• **TASK REQUIREMENTS**: Retype the listing below line for line, but only from the line with "smiley face in" down to the line with "Emaline Sweater Womens", inclusive. Pictures stay out.

• **RECORD EXTRACTS**:
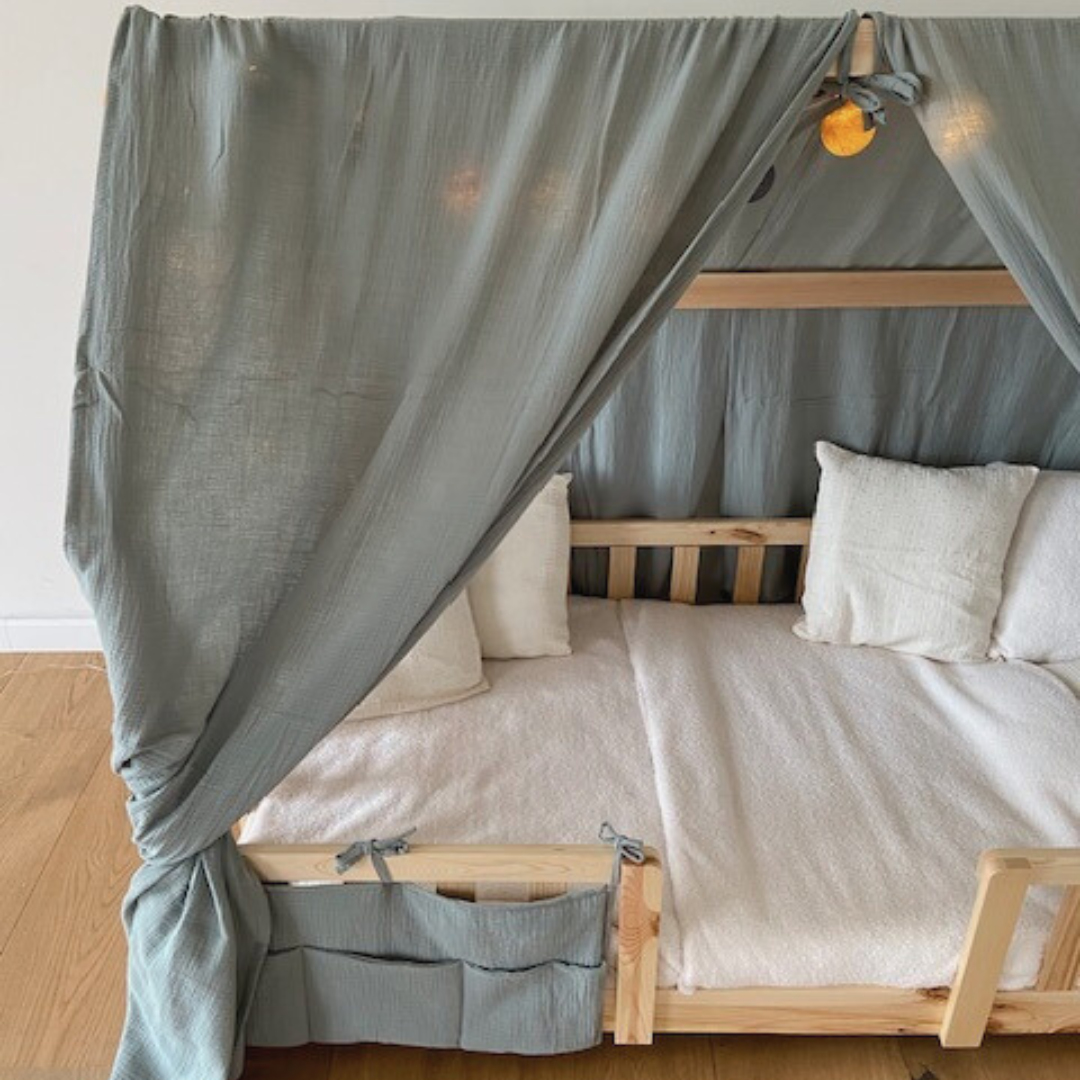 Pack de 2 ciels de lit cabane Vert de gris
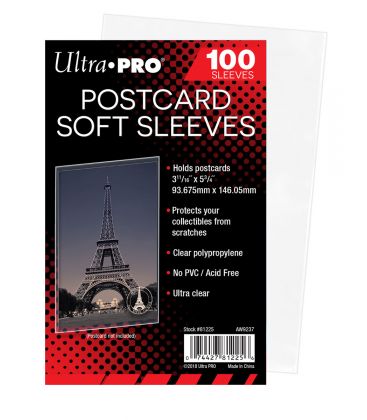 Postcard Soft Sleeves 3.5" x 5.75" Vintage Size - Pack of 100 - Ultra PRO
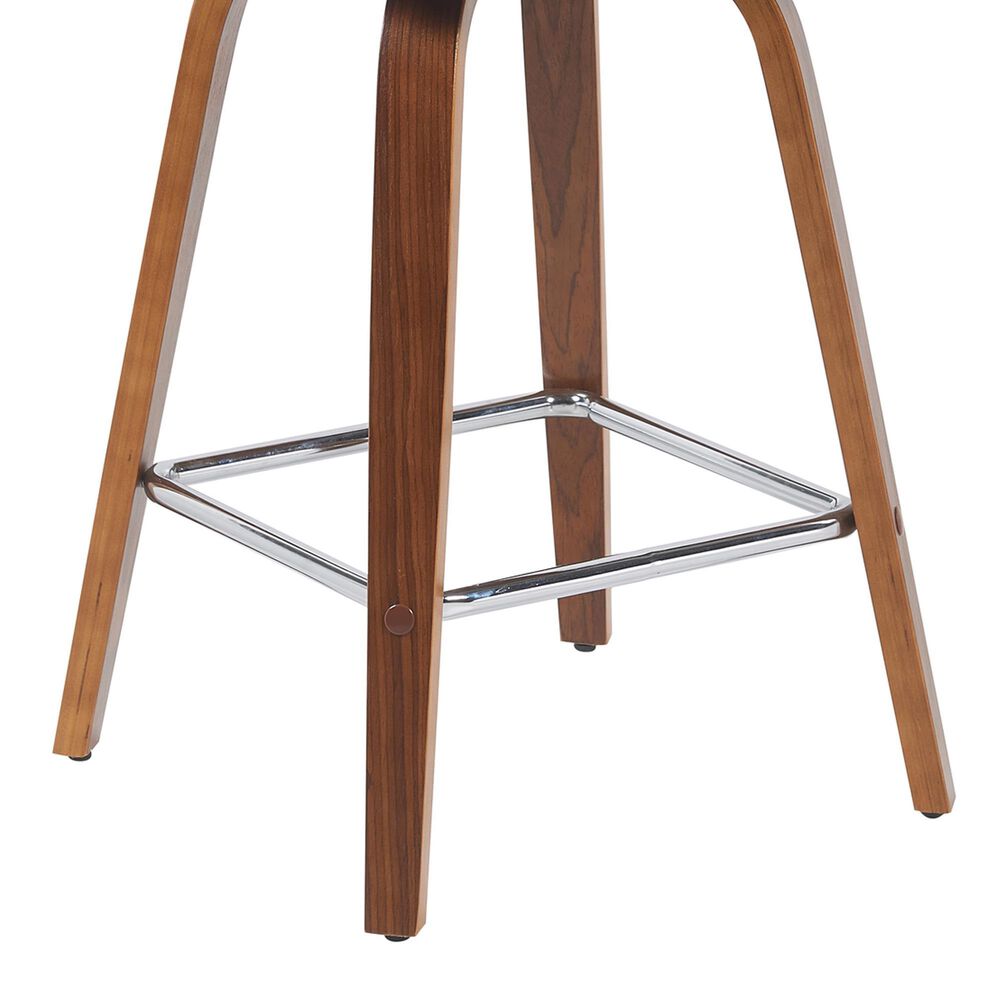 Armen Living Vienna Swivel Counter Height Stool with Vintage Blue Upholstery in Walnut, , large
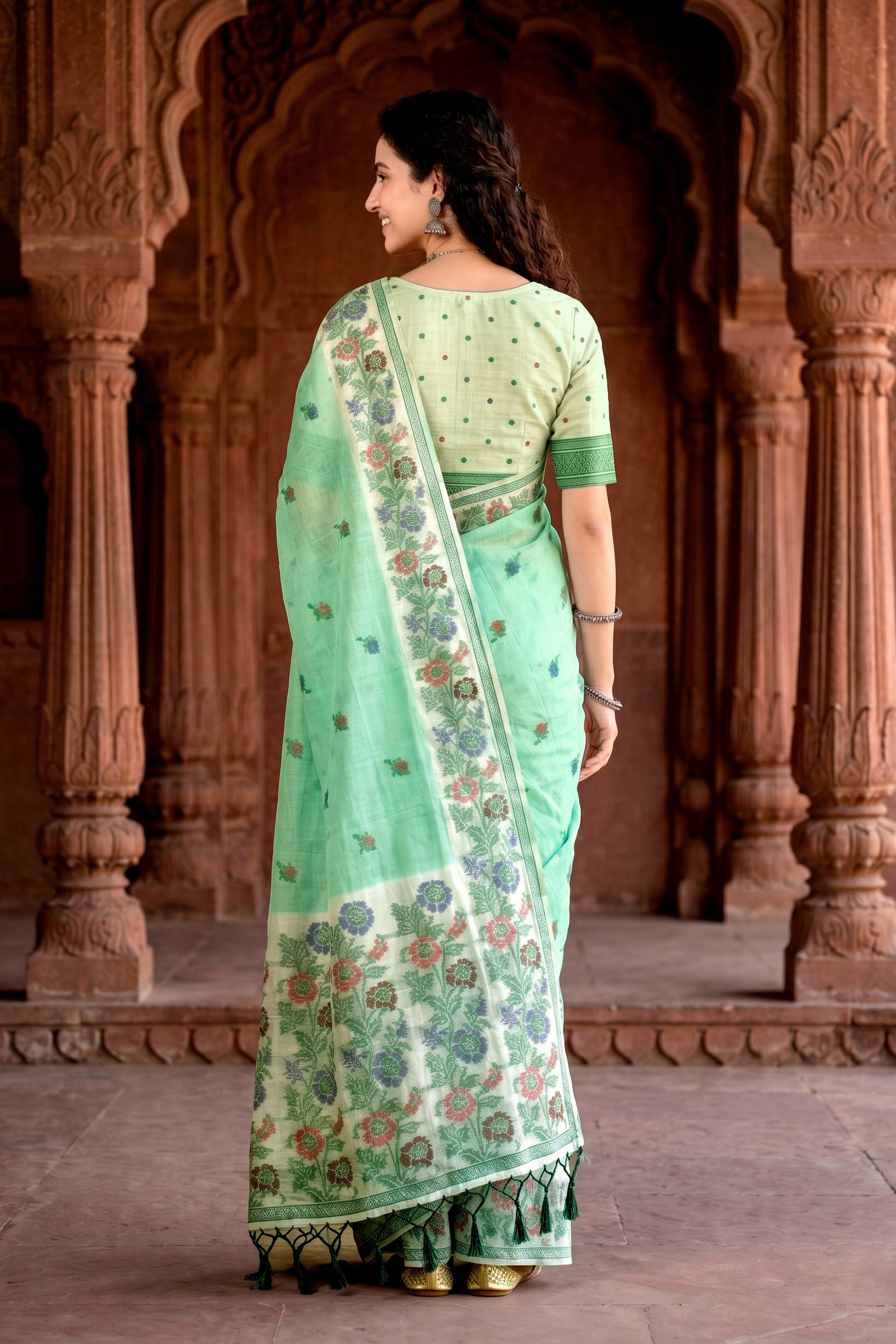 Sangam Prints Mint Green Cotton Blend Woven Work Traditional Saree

--

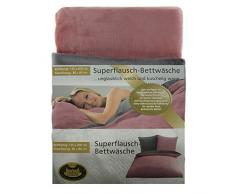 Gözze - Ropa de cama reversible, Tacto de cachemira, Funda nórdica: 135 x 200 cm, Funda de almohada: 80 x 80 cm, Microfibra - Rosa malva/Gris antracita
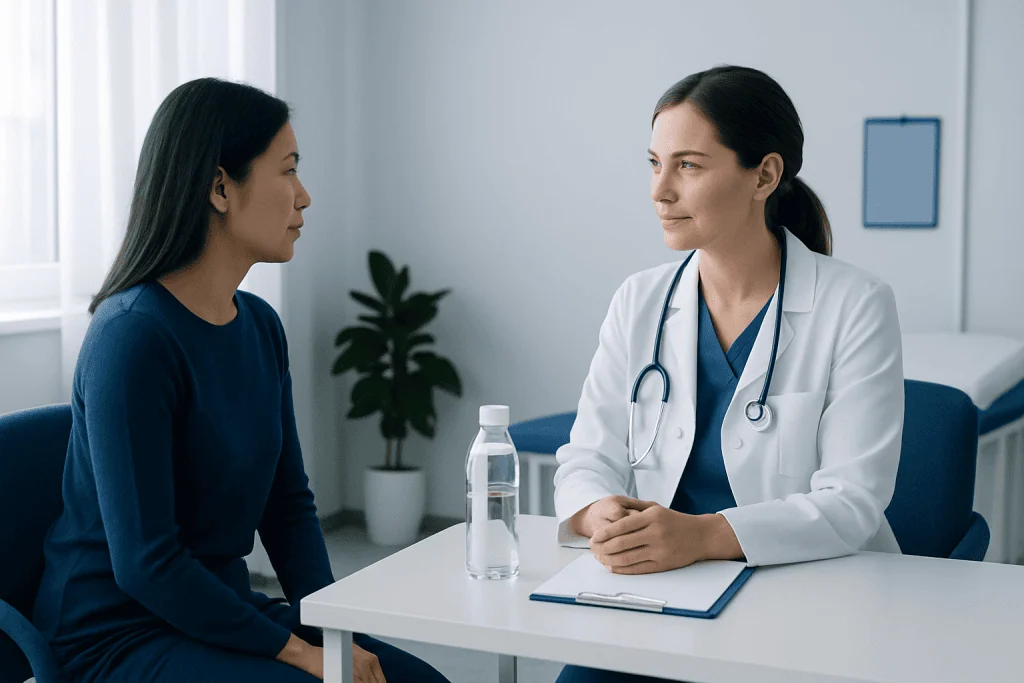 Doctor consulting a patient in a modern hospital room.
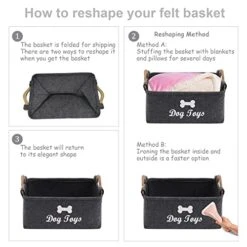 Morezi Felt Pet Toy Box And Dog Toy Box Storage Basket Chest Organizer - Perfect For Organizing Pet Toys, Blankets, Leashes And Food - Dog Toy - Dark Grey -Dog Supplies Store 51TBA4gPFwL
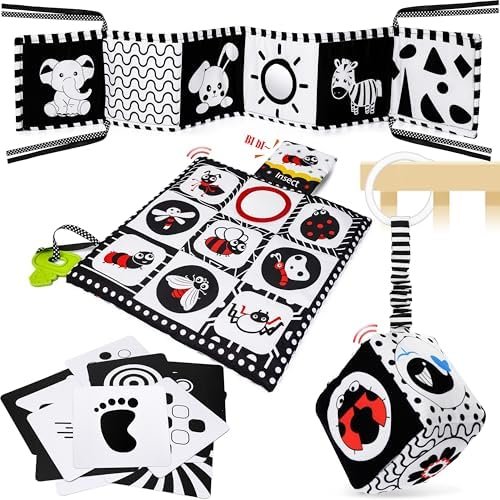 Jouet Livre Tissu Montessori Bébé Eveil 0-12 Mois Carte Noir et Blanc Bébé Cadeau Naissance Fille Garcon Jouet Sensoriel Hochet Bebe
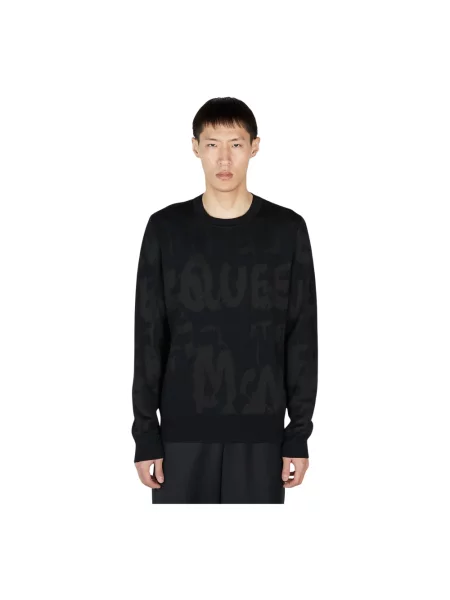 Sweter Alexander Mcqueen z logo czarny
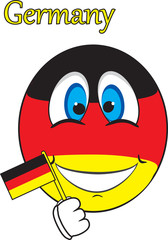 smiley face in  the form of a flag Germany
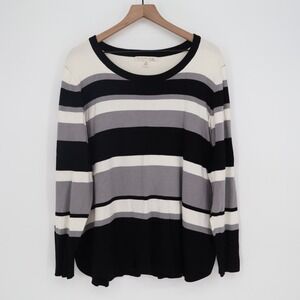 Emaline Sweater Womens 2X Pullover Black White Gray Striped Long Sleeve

• **RESPONSE TO THIS EXERCISE**:
 smiley face in  the form of a flag Germany
 Emaline Sweater Womens 2X Pullover Black White Gray Striped Long Sleeve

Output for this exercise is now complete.